Lygonos,
I've answered several times with examples and deleted them all. Too close.
If you are genuinely trying to do the best for the business, and the best for the welfare of employees, both of which I believe i am known for, then it is simply a matter of helping those concerned understand reality.
It is very, very rare that one meets a truly malicious person, they are usually just in the wrong place, scared and defensive. And in my experience typically have been very badly managed in the past. By an large no employee chooses a job that they can't do on purpose.
It is a matter of making people genuinely feel that I am seeking the right solution for everybody, that I am the person or organization that will help them get it, and that screwing with me will go very very badly wrong.
The really, really tough ones, the ones that keep me awake, are where you have a genuinely good person, good work ethics, valuable in the past, but that no longer has a skillset that the bus9iness requires but that really, really needs the job.
Getting rid of t***s is easy, but strangely very rarely the position.
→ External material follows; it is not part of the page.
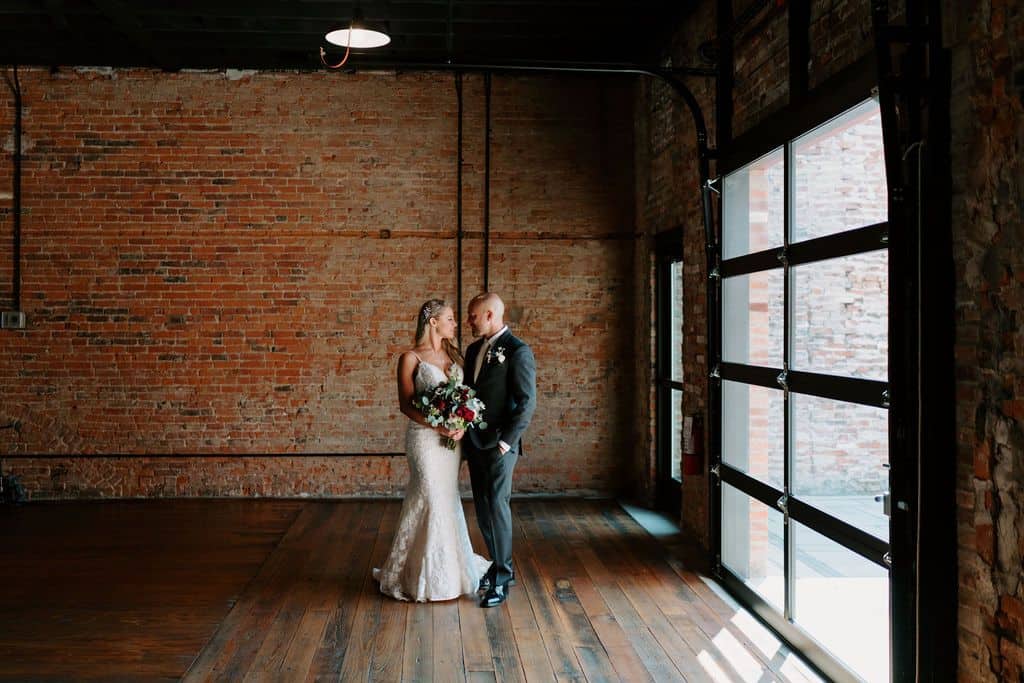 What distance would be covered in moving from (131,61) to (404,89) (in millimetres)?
2502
People prefer to be valuable and successful, it's a matter of giving them the right opportunity to be so.
The genuinely malicious and useless will usually take the first severance offer they can get their hands on.
Usually getting shot of someone is followed up fairly swiftly by dumping whoever managed them as well.
One takes no action until one understands all the actions that one will take and the implications of them.
One remembers that one has a goal, and that one doesn't really give a s*** why someone leaves, just so long as they do. And if it helps them to tell everybody that they 'won' then it's no skin off my nose and one less problem in my day.
Egos have no place.
I'll answer in detail with helpful examples in email if you are sufficiently interested, but not in public.